Auriga Develops Computer Vision for Autonomous Driving

In many ways, 2016 was an important year for driverless vehicles full of historic moments. In that year, major automakers—from Daimler to BMW, Audi, and Hyundai—invested billions of dollars in autonomous vehicle development and worked in partnership with tech players to become leaders in the race for self-driving cars. It was the year driverless and semi-autonomous cars were made available to the public for the first time, at least in trial mode, and the year that sparked a hot debate on the challenges of self-driving mobility and car automation.

More than a dozen companies—including Tesla, Uber, Google, and Baidu—have already demonstrated self-driving cars performing in real environments. Ford is aiming to have its fully autonomous car ready in four to five years. Nissan, Toyota, and Honda are looking to put completely driverless cars on highways by 2020. Tesla announced that its driverless technology will be launched in full in 2018. Elon Musk, Tesla’s CEO and the frontman of this driverless revolution, says that in 10 years, it will be rare to find a car that is not autonomous.

Driverless Dilemmas

Autonomous vehicles are expected to be much safer than human-driven ones and reduce crashes by around 90 percent. Nevertheless, no driverless car has yet demonstrated absolute reliability: that is, they are reliable most of the time but not always. Self-driving vehicles still struggle when dealing with extreme weather and those one-in-a-million situations when something completely unexpected happens. On the road to driverless cars, there are a number of tough but important dilemmas for the industry to tackle.

First and foremost, it is necessary to decide who will be protected in case of an unavoidable accident. In other words, we have to choose whether to hit a child who runs in front of a car or to swerve into a tree, plunge into a group of pedestrians or oncoming traffic, or plummet over a bridge. Mercedes-Benz spokesman David McCarthy admitted that in dangerous situations, the driverless technology would prioritize the safety of the passengers rather than that of bystanders outside of the vehicle.

One more dilemma is who gets the blame and pays the damages when driverless cars crash.
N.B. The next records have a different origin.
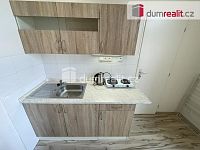 Pronájem bytu 1+kk 25 m2 P5 Smíchov zařízený po rekonstrukci - 4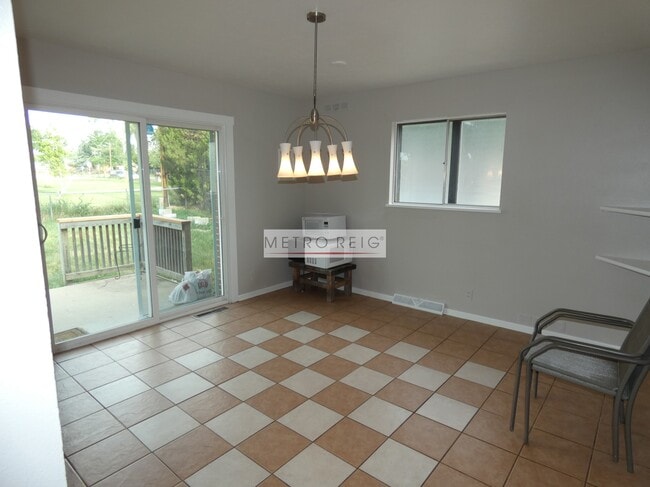 Building Photo - 910 37th St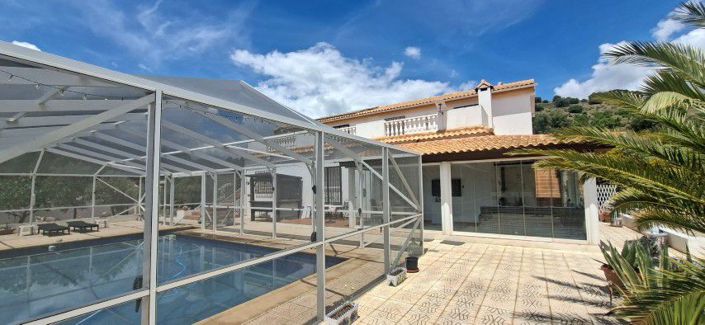 Image No.3-4 Bed Country House for sale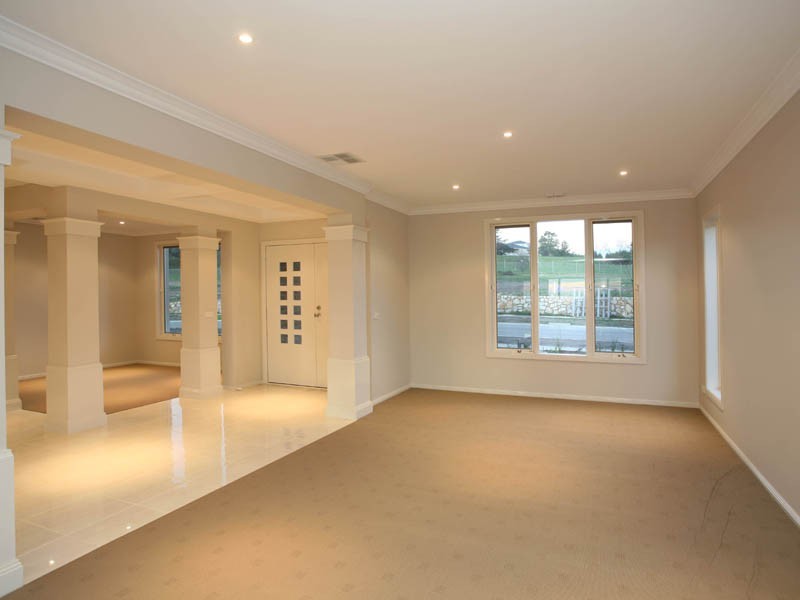 34 Cambridge Drive, Berwick VIC 3806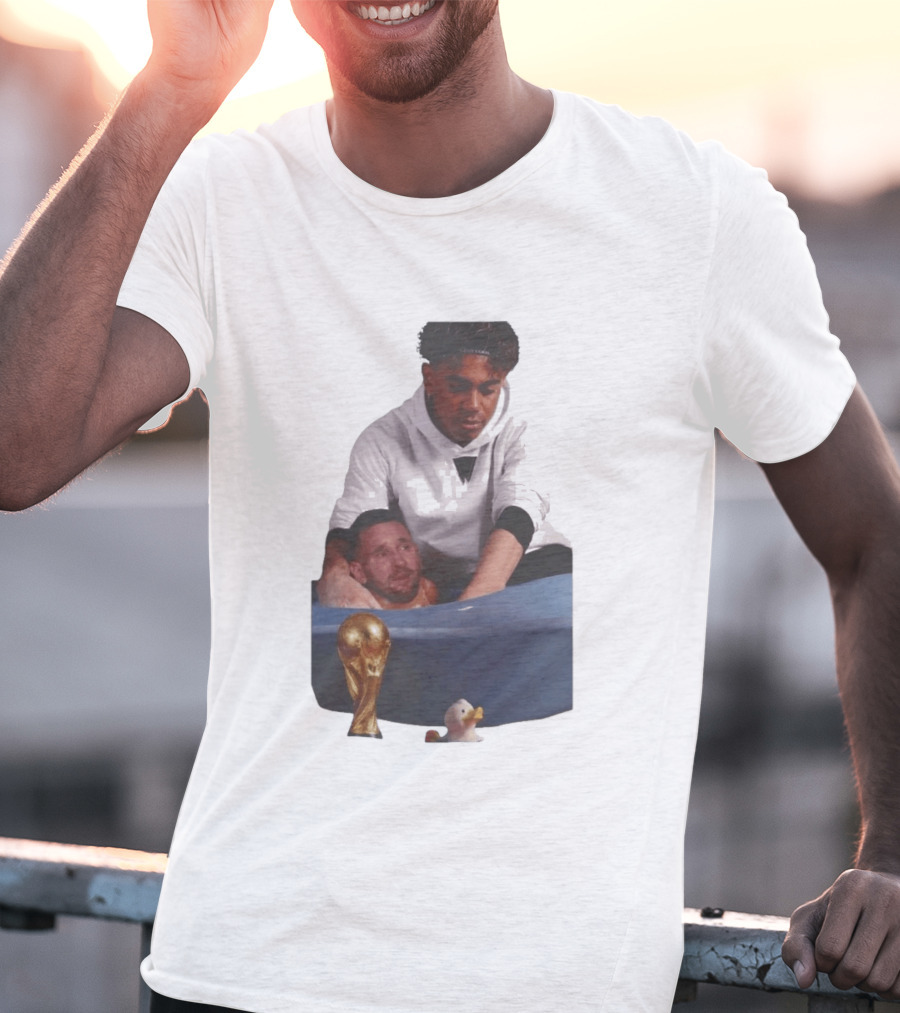 Messi Crying Bath Tub Trophy Football T-Shirt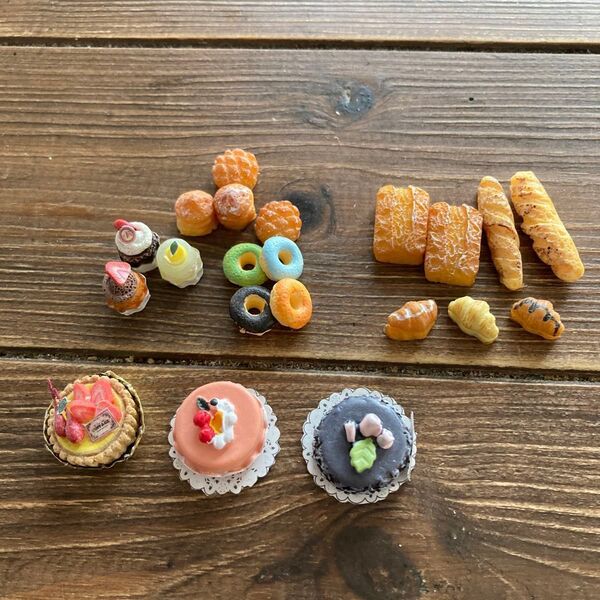 ケーキとパンのお得なミニチュアセット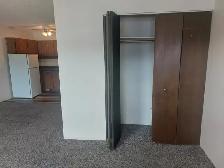 Senior Bachelor Suite 50 - Photo 2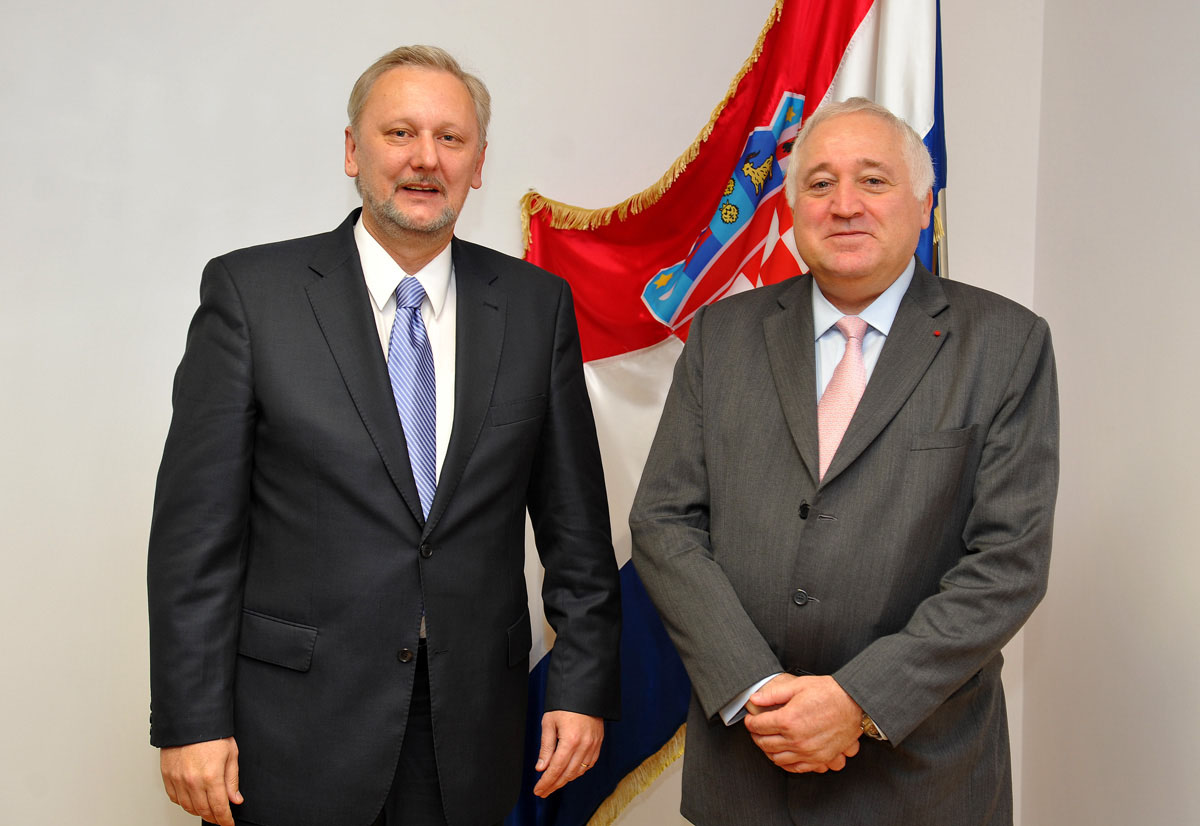 Slika https://www.morh.hr/wp-content/uploads/2017/10/nato_09112011_v.jpg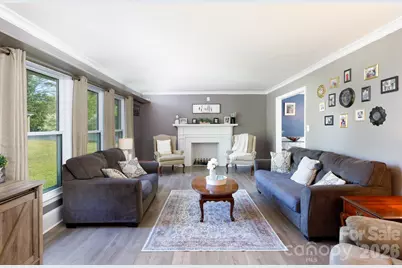 122 Crestwood Drive, Chester, SC 29706 - Photo 6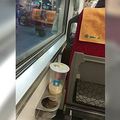 坐火車不小心喝到隔壁坐的珍奶，兩人直接聊開讓網友們大呼「在一起」！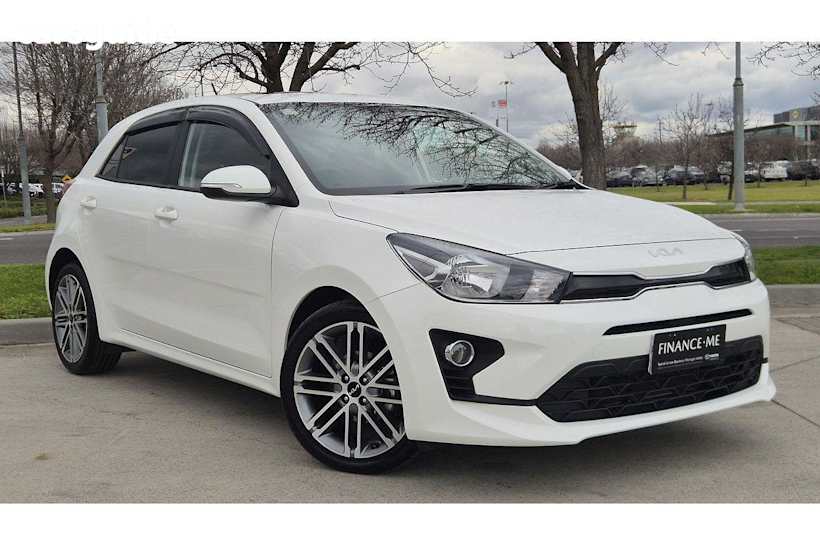 White 2022 Kia RIO Hatch SX F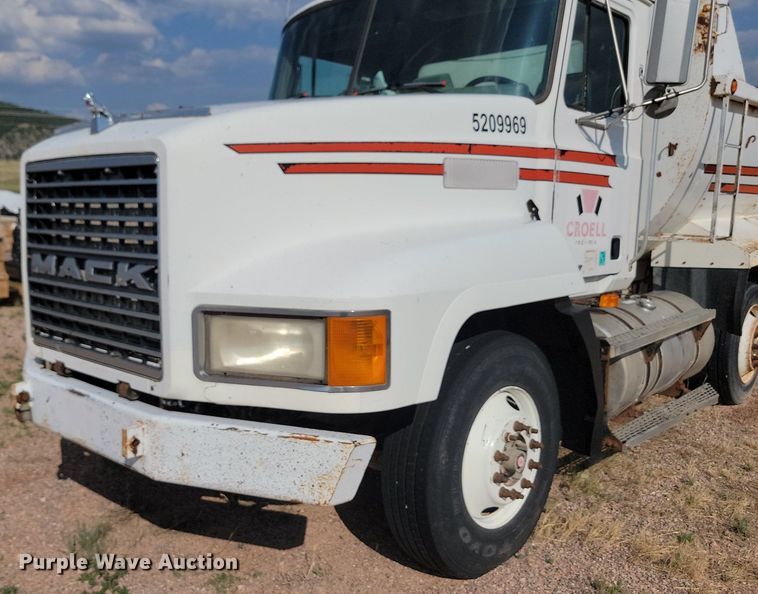 image for item OD9702 1999 Mack CH600 dump truck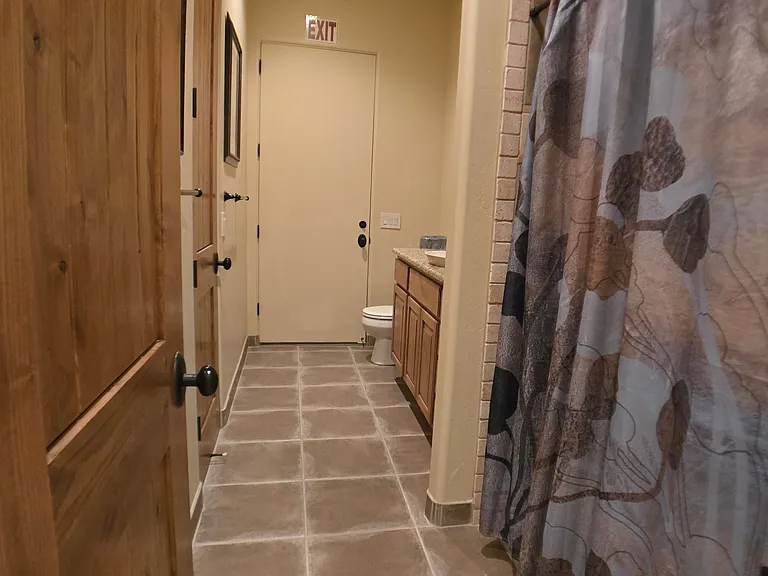 2394 W Valley View Dr #2 — Photo 9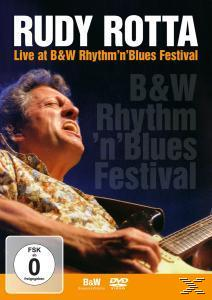 DVD-Cover. Mann mit Gitarre, singend. Schwarz-Weiß-Bild. Blauer Hintergrund.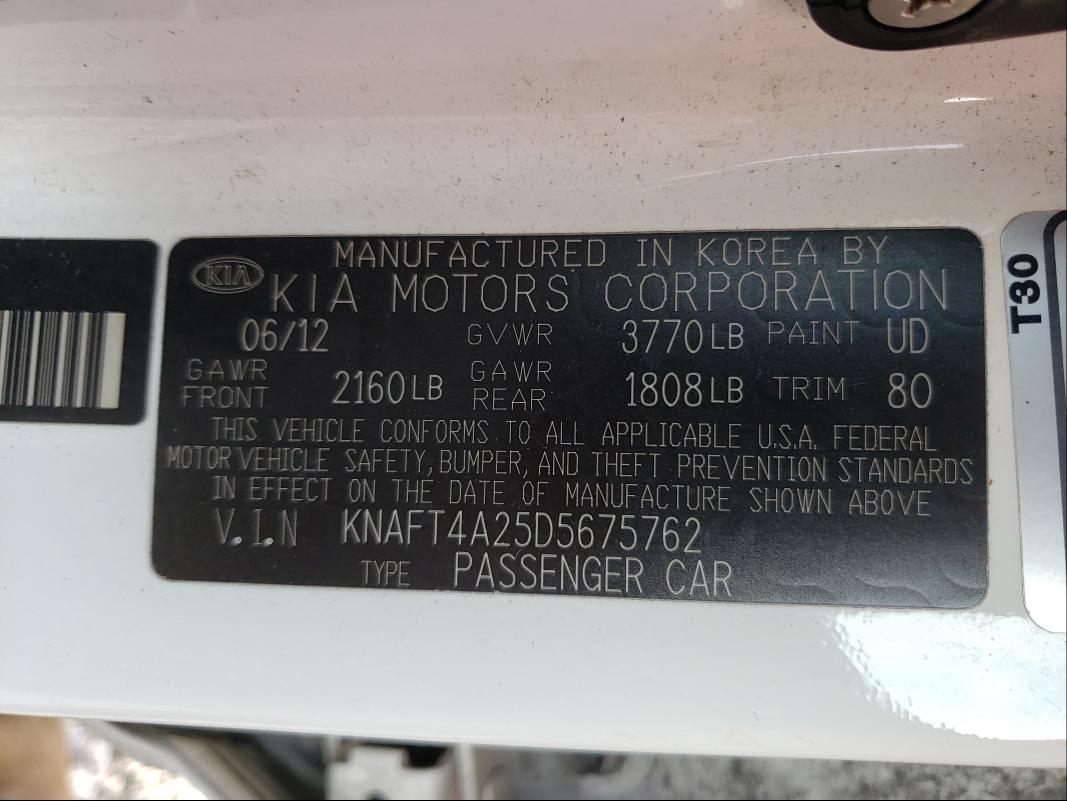 Photo 9 VIN: KNAFT4A25D5675762 - KIA FORTE LX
Should it be the car owner, the car manufacturer, or the software developer? Volvo, one of many automakers eager to market an autonomous car, expects there will be a shift from driver liability to product liability, making the automotive industry the primary liability stakeholder.

Nevertheless, improved safety will be one of the biggest benefits of autonomous vehicles. In addition, they will greatly improve traffic and fuel efficiency and provide us more free time. There are still a myriad of questions to answer, but driverless vehicles are now nearing the live phase, and the race for self-driving cars is getting hotter.

How We Make a Car “See” the World

That said, the fast and precise recognition of objects ahead and the ethical resolution of tough situations are the most challenging tasks for today’s connected car technologies. Most self-driving cars use a combination of sensing technologies to “see” the road ahead. Range-to-object detecting sensors, such as lasers and LIDAR, indicate the distance between a vehicle and surrounding objects. Visual sensors, such as cameras, recognize color and fine appearance details. Many players in the self-driving world are developing deep learning systems that learn how to drive safely in various circumstances based on huge amounts of labeled sensor data.

Part of a big driving automation project, Auriga is developing a semi-automated object identification tool to label acquired data and create a stream that can be used for machine learning. With some manual operator assistance, the application should automatically recognize and label objects using the uploaded video, LIDAR data, and speed data with a predefined set of labels, including lane markings, traffic lights and signs, trees, other vehicles, cyclists, and pedestrians. Labeled data forms a data stream for subsequent machine learning and driving automation. The more data it labels, the better the system will “see” the environment in the future.

As cameras are very susceptible to changing weather conditions, it is vital to consider the day–night cycle, seasonal changes, rain, fog, haze, and snow, as it can completely obscure lane markings and even signs. Self-driving cars are designed to rely on rigid road rules and can struggle to make sense of what is on the road ahead while driving under extreme conditions. All these circumstances were considered, and video streams of driving in poor weather conditions form a considerable part of the created data lake.

Elena Baranova, Head of Auriga’s Engineering Department, had the following to say regarding Auriga’s involvement in the connected vehicle market:

The application Auriga works on is a part of our customer’s innovation strategy for the connected car market. This project requires from our engineers profound expertise in embedded development and a creative mindset, the ability to think outside the box—the skillset demanded on the connected vehicle market and a key area of expertise for Auriga. We are honored to be part of such a challenging project and appreciate the customer’s faith in us.